Un écosystème qui questionne

L’exemple de l’application Kaligo est parlant : présentée comme un outil pour apprendre à écrire dès la maternelle, elle a été développée dans un laboratoire de recherche avec des fonds publics… mais aussi avec le soutien de Microsoft. Résultat : des enfants de 3 à 7 ans ont été testés dans des “classes immersives” en présence d’ingénieurs. Objectif : comprendre comment capter leur attention, pour affiner des produits destinés à l’école.

Ces expérimentations, aussi ambitieuses soient-elles, posent plusieurs questions :

  • Les enfants sont-ils devenus des cobayes numériques ?
  • Les outils développés servent-ils vraiment l’apprentissage… ou le marché de l’éducation ?
  • Où est la place du libre arbitre parental dans ce processus ?
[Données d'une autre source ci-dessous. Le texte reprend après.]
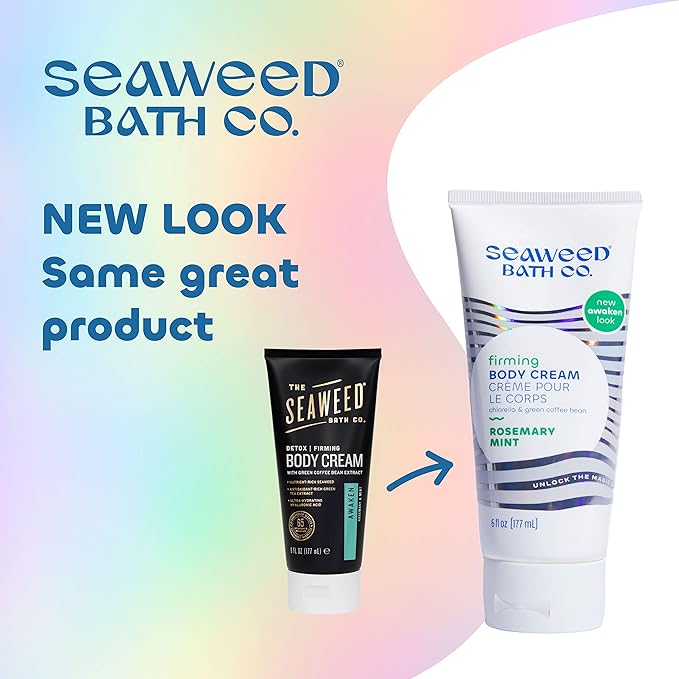 Seaweed Bath Co. Firming Body Cream - Rosemary Mint - Hydrating Hand and Body Lotion with Hyaluronic Acid - Toning Skin Moisturizer for Dry Skin - 6 oz (Pack of 2)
Écrans et enfants, attention fragile

Face à l’inquiétude croissante des parents et des professionnels, certaines sociétés savantes (pédiatres, pédopsychiatres…) recommandent de limiter fortement l’exposition aux écrans avant 6 ans. Pourtant, dans les médias, des chercheurs affirment qu’aucune preuve ne démontre un effet causal des écrans sur le développement de l’enfant. Un discours qui rassure… mais qui divise.

Car les professionnels de terrain, eux, alertent : retards de langage, troubles du sommeil, difficultés de concentration ou encore isolement social sont des effets régulièrement observés chez les enfants surexposés.

Et en Seine-et-Marne, que peut-on faire ?

Même sans réglementation nationale stricte, des leviers d’action existent :

  • Informer les familles sans culpabiliser : les écrans ne sont pas des ennemis, mais ils doivent être encadrés.
  • Accompagner les usages numériques à l’école avec des outils pédagogiques clairs.
  • Favoriser les activités alternatives : sport, lecture, jeux créatifs, nature… autant d’alliés pour réduire le temps d’écran.

Enfin, il est important de former les adultes, enseignants comme parents, à ces enjeux. Car aujourd’hui, la vraie fracture numérique ne se joue plus seulement sur l’accès… mais sur la maîtrise et le sens.